The heavy construction of these pistons—diesel pistons typically weigh half as much again as equivalent SI engine pistons-provides mechanical strength and the heat conductivity necessary to keep the piston crown at about 500°F. The standard practice is to direct a stream of oil to the underside of the crown, usually by means of spray jets. Some designers go a step further, and insulate the crown, which is relatively easy to cool, from the ring belt and skirt. Turn ahead to Fig. 8-48 for an illustration of a heat dam. The cavity above the piston pin slows heat transfer by reducing piston wall thickness. Another approach is to lengthen the thermal path by grooving the area above the ring belt (Fig. 8-40). Yet another approach is to apply a thermal coating to the upper side of the piston crown, thus confining heat to the combustion chamber (Fig. 8-41).
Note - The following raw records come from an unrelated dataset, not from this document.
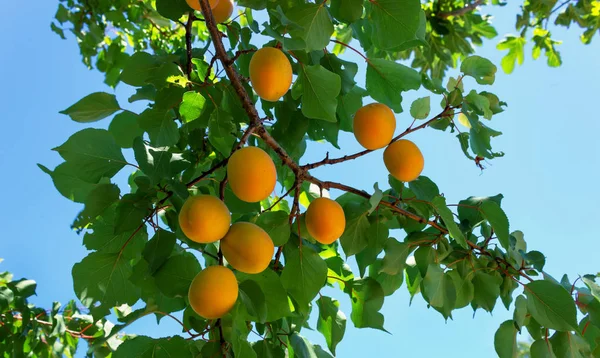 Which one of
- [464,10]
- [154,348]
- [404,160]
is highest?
[464,10]

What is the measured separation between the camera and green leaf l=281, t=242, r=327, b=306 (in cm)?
94

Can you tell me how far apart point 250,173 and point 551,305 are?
65cm

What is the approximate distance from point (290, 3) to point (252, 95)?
10.8 inches

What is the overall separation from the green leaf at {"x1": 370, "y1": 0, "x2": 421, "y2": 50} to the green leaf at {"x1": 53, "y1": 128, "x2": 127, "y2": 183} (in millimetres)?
542

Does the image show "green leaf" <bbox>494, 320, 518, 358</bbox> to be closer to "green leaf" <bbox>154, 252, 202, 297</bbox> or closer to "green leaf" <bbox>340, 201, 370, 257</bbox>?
"green leaf" <bbox>340, 201, 370, 257</bbox>

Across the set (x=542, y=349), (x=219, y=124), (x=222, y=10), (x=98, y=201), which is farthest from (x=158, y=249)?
(x=542, y=349)

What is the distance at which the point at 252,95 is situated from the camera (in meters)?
1.17

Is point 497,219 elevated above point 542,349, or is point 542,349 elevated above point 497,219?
point 497,219

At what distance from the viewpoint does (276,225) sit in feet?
3.11

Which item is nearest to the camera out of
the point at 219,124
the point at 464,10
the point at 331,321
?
the point at 219,124

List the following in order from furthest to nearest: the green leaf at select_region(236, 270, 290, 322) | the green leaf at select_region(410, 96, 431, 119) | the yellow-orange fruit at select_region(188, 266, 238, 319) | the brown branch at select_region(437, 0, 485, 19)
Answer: the brown branch at select_region(437, 0, 485, 19) → the green leaf at select_region(410, 96, 431, 119) → the green leaf at select_region(236, 270, 290, 322) → the yellow-orange fruit at select_region(188, 266, 238, 319)

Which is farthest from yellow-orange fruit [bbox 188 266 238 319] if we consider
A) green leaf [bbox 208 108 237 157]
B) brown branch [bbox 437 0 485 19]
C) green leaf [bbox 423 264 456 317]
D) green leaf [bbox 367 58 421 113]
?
brown branch [bbox 437 0 485 19]

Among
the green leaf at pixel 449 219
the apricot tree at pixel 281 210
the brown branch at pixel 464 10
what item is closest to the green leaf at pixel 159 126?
the apricot tree at pixel 281 210

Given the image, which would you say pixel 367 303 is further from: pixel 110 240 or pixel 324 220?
pixel 110 240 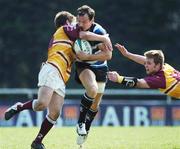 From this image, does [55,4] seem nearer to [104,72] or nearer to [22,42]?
[22,42]

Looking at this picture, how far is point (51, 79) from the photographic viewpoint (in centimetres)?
1234

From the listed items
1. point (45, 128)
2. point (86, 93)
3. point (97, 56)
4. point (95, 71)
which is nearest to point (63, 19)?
point (97, 56)

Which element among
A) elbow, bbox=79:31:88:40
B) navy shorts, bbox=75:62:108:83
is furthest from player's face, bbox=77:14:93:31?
navy shorts, bbox=75:62:108:83

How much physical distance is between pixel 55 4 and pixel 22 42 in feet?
8.60

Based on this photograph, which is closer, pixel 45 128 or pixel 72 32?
pixel 45 128

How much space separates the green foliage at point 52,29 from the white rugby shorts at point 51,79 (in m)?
24.8

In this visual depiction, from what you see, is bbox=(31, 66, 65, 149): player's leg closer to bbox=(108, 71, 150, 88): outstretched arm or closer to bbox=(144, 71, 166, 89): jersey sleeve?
bbox=(108, 71, 150, 88): outstretched arm

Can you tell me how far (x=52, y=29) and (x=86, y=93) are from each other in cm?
2521

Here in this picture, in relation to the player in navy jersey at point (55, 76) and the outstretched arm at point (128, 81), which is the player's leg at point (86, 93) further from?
the outstretched arm at point (128, 81)

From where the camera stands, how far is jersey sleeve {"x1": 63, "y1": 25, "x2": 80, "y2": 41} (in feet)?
41.4

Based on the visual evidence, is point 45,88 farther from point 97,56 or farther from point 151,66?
point 151,66

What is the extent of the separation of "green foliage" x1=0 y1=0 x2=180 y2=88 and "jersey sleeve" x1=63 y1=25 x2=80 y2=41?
24634 mm

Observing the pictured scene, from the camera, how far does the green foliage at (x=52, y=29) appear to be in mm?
37812

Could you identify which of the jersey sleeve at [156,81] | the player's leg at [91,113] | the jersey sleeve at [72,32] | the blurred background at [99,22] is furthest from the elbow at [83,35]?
the blurred background at [99,22] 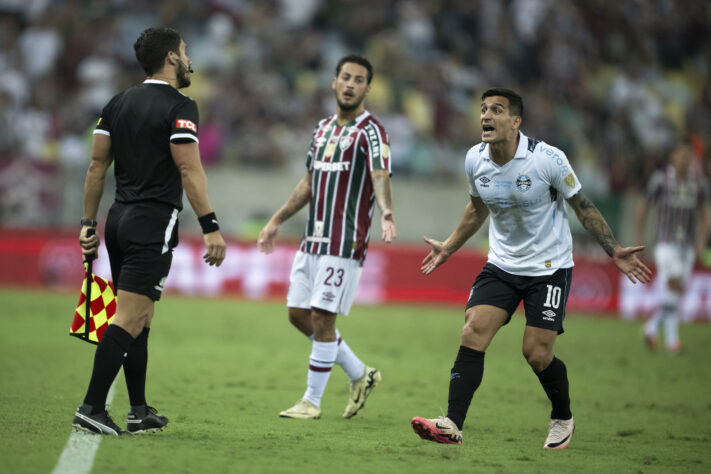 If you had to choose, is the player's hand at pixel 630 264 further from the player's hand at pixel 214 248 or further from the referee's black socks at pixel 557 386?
the player's hand at pixel 214 248

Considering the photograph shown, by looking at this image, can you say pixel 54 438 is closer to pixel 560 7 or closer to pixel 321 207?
pixel 321 207

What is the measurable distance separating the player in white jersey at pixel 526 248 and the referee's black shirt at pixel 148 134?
205 cm

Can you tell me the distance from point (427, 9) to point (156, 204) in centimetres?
1884

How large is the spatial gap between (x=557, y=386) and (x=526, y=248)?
985 mm

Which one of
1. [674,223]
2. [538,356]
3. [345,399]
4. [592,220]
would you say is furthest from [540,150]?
[674,223]

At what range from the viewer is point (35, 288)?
1855 cm

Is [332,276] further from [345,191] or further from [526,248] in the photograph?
[526,248]

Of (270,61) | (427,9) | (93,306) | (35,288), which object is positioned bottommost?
(35,288)

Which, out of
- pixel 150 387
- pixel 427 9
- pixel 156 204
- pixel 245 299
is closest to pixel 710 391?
pixel 150 387

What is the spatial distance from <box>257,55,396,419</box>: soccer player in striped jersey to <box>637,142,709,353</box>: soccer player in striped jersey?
673 centimetres

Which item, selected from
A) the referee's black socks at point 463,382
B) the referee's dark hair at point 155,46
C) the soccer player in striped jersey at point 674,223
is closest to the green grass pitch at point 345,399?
the referee's black socks at point 463,382

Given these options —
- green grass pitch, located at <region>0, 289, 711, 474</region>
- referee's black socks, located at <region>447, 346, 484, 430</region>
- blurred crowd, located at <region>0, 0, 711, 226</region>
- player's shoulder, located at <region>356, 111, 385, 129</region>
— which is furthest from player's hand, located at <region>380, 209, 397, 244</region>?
blurred crowd, located at <region>0, 0, 711, 226</region>

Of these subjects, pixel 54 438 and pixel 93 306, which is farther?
pixel 93 306

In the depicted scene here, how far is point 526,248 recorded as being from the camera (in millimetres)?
6805
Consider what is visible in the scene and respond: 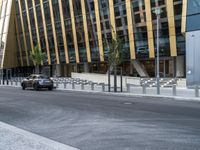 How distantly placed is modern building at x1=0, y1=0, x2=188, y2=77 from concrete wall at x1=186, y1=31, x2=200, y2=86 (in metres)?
3.28

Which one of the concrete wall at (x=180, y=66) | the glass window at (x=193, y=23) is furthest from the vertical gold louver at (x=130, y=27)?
the glass window at (x=193, y=23)

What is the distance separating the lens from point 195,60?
107ft

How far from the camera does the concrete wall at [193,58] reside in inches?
1268

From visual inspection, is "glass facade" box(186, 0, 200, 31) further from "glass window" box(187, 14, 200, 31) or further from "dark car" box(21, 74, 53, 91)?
"dark car" box(21, 74, 53, 91)

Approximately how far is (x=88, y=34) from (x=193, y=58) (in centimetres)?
2308

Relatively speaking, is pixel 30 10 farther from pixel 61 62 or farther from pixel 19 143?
pixel 19 143

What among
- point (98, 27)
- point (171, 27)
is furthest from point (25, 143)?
point (98, 27)

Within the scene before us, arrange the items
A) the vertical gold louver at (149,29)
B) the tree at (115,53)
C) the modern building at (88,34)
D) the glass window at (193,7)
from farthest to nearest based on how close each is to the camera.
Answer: the vertical gold louver at (149,29) < the modern building at (88,34) < the tree at (115,53) < the glass window at (193,7)

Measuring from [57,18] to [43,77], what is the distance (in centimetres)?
2457

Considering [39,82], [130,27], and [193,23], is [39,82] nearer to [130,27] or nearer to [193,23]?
[193,23]

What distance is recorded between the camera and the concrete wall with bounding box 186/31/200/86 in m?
32.2

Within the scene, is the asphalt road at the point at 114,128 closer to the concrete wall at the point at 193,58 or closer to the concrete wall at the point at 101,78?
the concrete wall at the point at 193,58

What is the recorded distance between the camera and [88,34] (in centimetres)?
5341

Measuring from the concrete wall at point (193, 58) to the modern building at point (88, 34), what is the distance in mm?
3282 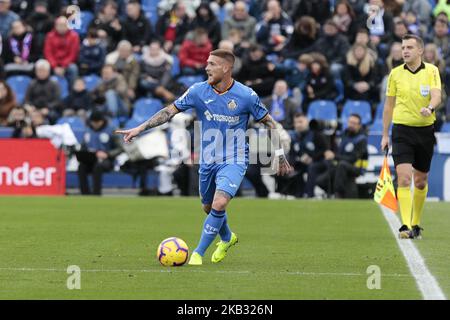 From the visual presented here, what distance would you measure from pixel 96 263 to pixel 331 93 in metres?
14.9

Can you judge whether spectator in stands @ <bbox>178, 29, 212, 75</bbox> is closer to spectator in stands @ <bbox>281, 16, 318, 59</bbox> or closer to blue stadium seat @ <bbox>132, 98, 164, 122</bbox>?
blue stadium seat @ <bbox>132, 98, 164, 122</bbox>

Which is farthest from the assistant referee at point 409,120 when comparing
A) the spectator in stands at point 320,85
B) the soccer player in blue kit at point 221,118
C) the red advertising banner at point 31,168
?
the spectator in stands at point 320,85

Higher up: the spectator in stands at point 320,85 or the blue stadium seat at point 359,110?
the spectator in stands at point 320,85

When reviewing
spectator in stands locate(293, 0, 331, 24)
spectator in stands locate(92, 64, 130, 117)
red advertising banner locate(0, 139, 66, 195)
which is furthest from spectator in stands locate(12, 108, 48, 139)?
spectator in stands locate(293, 0, 331, 24)

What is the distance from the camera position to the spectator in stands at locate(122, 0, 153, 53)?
28219 mm

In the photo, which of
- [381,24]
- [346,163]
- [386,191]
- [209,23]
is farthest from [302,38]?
[386,191]

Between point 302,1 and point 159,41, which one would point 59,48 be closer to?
point 159,41

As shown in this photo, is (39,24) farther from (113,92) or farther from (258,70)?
(258,70)

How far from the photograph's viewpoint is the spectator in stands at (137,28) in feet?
92.6

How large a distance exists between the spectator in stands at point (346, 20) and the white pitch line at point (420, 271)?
1141cm

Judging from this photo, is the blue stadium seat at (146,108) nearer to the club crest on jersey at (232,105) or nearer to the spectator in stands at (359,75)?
the spectator in stands at (359,75)

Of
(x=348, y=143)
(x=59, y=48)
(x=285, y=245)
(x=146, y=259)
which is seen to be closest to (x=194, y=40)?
(x=59, y=48)

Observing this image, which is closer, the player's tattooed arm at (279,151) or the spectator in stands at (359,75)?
the player's tattooed arm at (279,151)

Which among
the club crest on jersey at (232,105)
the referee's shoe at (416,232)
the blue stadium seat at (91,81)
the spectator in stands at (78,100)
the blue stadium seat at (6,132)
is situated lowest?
the referee's shoe at (416,232) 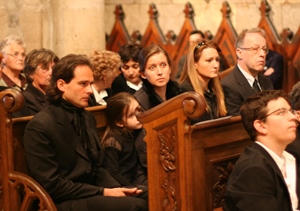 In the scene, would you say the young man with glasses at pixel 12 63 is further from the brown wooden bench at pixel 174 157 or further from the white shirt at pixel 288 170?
the white shirt at pixel 288 170

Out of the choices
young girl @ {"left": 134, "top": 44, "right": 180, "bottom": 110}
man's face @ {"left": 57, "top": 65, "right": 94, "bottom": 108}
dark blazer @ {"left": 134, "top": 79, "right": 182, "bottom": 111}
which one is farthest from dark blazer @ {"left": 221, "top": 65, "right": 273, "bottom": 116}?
man's face @ {"left": 57, "top": 65, "right": 94, "bottom": 108}

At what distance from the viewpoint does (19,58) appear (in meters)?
6.56

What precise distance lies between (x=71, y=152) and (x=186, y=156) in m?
0.86

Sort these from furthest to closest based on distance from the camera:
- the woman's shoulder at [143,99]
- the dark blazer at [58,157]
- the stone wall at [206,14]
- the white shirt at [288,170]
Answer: the stone wall at [206,14], the woman's shoulder at [143,99], the dark blazer at [58,157], the white shirt at [288,170]

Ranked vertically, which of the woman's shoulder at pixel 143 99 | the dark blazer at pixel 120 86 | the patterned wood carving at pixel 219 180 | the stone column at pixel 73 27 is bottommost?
the patterned wood carving at pixel 219 180

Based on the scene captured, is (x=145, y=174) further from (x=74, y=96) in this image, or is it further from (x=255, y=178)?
(x=255, y=178)

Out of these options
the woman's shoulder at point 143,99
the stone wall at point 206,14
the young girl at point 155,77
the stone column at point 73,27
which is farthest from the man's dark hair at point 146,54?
the stone wall at point 206,14

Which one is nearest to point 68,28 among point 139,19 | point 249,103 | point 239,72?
point 139,19

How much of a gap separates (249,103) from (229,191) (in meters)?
0.55

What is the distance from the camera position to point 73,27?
8.62 meters

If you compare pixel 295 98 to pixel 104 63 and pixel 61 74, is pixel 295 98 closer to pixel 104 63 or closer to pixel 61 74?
pixel 61 74

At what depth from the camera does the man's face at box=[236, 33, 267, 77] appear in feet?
20.5

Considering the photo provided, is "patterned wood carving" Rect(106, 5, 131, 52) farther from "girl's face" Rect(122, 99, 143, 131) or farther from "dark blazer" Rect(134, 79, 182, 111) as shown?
"girl's face" Rect(122, 99, 143, 131)

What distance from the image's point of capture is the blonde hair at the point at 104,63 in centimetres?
641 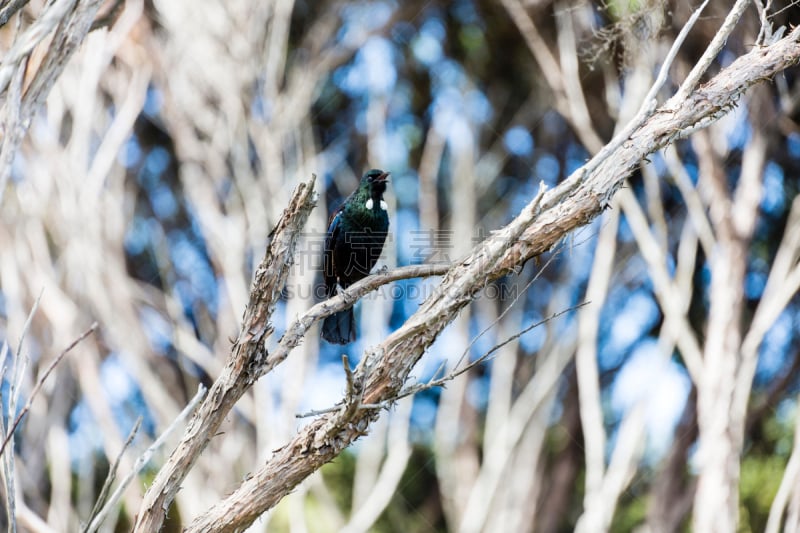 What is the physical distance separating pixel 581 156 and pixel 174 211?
4657 millimetres

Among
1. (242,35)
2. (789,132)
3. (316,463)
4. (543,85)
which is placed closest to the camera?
(316,463)

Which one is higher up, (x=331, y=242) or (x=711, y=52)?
(x=331, y=242)

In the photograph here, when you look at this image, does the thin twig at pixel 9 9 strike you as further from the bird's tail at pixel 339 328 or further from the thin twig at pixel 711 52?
the bird's tail at pixel 339 328

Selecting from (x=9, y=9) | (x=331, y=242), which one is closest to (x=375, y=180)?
(x=331, y=242)

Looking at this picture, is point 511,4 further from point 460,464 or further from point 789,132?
point 460,464

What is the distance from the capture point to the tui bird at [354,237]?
5562 mm

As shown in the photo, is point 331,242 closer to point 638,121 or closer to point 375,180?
point 375,180

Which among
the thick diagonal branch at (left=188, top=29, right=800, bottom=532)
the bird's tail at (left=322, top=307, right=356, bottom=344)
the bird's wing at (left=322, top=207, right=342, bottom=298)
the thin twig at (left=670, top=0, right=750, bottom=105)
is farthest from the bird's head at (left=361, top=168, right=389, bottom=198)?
the thin twig at (left=670, top=0, right=750, bottom=105)

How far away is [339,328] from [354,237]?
62 cm

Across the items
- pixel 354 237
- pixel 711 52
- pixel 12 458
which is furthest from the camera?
pixel 354 237

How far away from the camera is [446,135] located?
8.74 m

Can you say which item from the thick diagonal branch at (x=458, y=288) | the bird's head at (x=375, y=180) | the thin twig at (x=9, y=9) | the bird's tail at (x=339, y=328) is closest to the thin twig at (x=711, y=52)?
the thick diagonal branch at (x=458, y=288)

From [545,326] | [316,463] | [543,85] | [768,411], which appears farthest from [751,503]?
[316,463]

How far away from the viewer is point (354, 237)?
18.6 ft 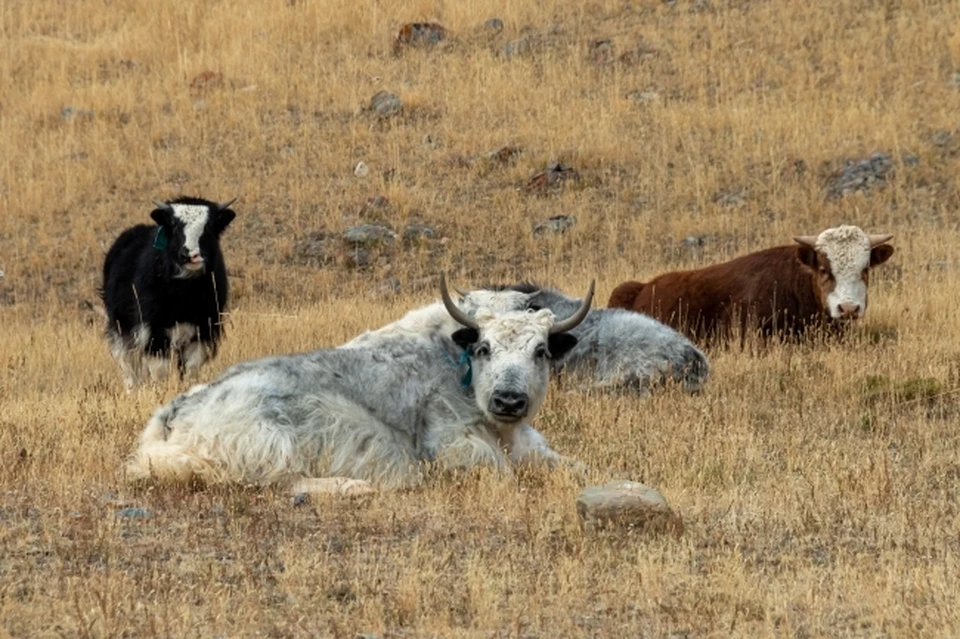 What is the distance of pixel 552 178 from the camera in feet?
74.4

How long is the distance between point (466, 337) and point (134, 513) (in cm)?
249

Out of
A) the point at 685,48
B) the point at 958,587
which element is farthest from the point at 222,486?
the point at 685,48

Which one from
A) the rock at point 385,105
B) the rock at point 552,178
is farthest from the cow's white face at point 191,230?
the rock at point 385,105

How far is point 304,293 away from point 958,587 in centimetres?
1389

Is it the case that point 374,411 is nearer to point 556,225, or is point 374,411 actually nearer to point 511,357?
point 511,357

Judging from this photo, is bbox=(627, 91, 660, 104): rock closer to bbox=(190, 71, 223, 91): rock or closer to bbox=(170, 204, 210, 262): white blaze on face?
bbox=(190, 71, 223, 91): rock

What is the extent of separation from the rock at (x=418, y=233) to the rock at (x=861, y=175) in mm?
5156

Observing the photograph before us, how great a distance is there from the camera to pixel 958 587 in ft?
23.2

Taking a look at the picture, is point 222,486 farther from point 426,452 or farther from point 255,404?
point 426,452

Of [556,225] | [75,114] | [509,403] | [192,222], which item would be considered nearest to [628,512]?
[509,403]

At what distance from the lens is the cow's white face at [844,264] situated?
1507cm

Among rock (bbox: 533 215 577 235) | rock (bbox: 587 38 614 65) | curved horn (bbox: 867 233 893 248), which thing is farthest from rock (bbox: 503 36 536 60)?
curved horn (bbox: 867 233 893 248)

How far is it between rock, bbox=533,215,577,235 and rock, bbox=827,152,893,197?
337 centimetres

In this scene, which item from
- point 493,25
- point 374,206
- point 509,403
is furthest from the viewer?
point 493,25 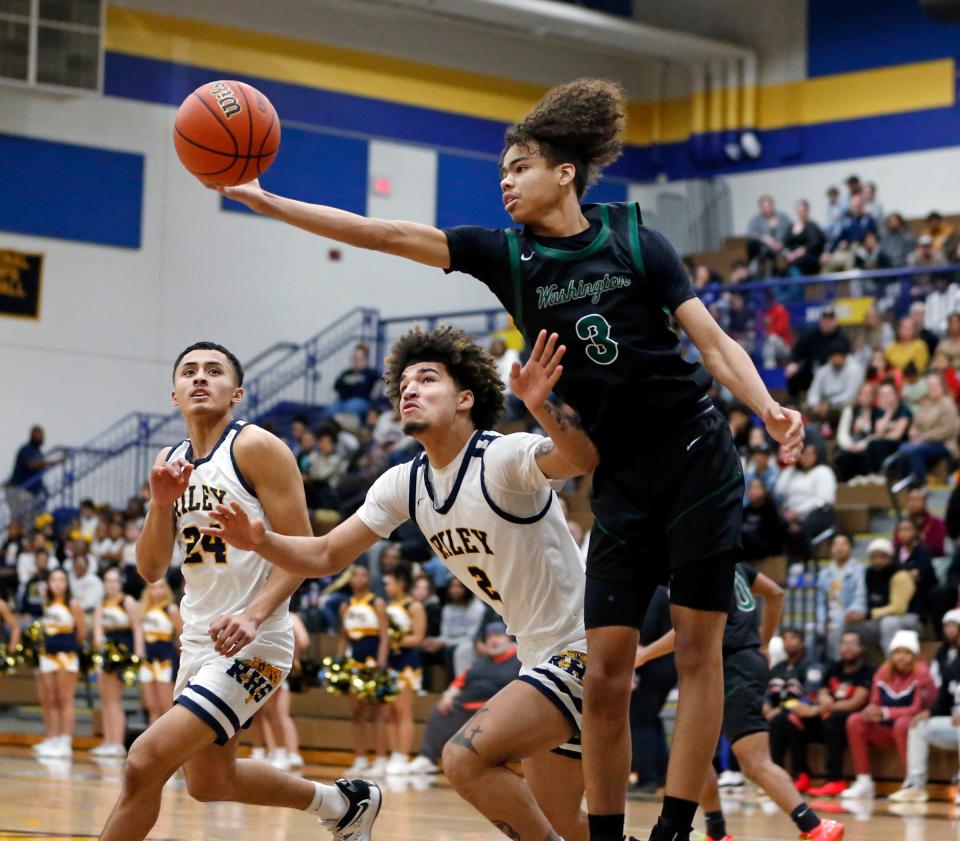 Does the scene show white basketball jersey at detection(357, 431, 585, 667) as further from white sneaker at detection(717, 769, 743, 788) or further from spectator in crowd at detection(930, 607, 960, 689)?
white sneaker at detection(717, 769, 743, 788)

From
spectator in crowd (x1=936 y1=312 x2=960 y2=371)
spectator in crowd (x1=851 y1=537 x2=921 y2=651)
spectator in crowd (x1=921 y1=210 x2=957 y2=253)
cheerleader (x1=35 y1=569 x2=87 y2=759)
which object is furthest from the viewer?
spectator in crowd (x1=921 y1=210 x2=957 y2=253)

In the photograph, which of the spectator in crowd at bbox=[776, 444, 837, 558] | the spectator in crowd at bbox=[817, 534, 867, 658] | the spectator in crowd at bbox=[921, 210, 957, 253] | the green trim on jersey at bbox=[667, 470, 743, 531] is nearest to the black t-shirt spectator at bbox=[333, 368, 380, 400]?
the spectator in crowd at bbox=[921, 210, 957, 253]

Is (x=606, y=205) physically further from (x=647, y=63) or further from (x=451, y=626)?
(x=647, y=63)

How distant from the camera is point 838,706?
13086mm

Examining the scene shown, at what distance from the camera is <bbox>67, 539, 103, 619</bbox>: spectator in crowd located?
1761 cm

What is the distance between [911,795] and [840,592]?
2.17m

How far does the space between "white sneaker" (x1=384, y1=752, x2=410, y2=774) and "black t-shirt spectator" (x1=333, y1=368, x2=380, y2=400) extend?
9.04 m

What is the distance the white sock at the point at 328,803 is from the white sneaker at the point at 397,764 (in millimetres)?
7465

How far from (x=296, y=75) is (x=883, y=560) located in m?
14.7

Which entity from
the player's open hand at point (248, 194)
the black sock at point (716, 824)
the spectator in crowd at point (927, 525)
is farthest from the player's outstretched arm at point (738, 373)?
the spectator in crowd at point (927, 525)

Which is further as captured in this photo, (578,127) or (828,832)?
(828,832)

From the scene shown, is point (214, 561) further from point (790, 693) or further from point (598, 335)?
point (790, 693)

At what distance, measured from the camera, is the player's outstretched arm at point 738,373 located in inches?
194

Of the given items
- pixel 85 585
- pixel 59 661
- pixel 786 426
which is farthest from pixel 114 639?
pixel 786 426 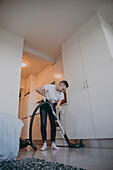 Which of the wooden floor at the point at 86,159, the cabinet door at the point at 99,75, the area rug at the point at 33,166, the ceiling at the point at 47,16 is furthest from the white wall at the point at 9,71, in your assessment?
the cabinet door at the point at 99,75

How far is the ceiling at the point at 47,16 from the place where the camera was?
2.07 m

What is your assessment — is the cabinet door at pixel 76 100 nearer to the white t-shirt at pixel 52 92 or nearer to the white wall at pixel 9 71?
the white t-shirt at pixel 52 92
The skirts to aluminum pistons run hotter than cast iron and have a coefficient of expansion that is about twice that of iron. Consequently, light-metal pistons are assembled with fairly generous bore clearances to compensate for thermal expansion, and might be noisy upon starting. Semi-exotic alloys, such as Lo-Ex, or cast-in steel struts, help control expansion and knocking. It is interesting that one of the first experimenters with aluminum pistons, Harvey Marmon, found it necessary to sheathe the piston skirt in an iron “sock.”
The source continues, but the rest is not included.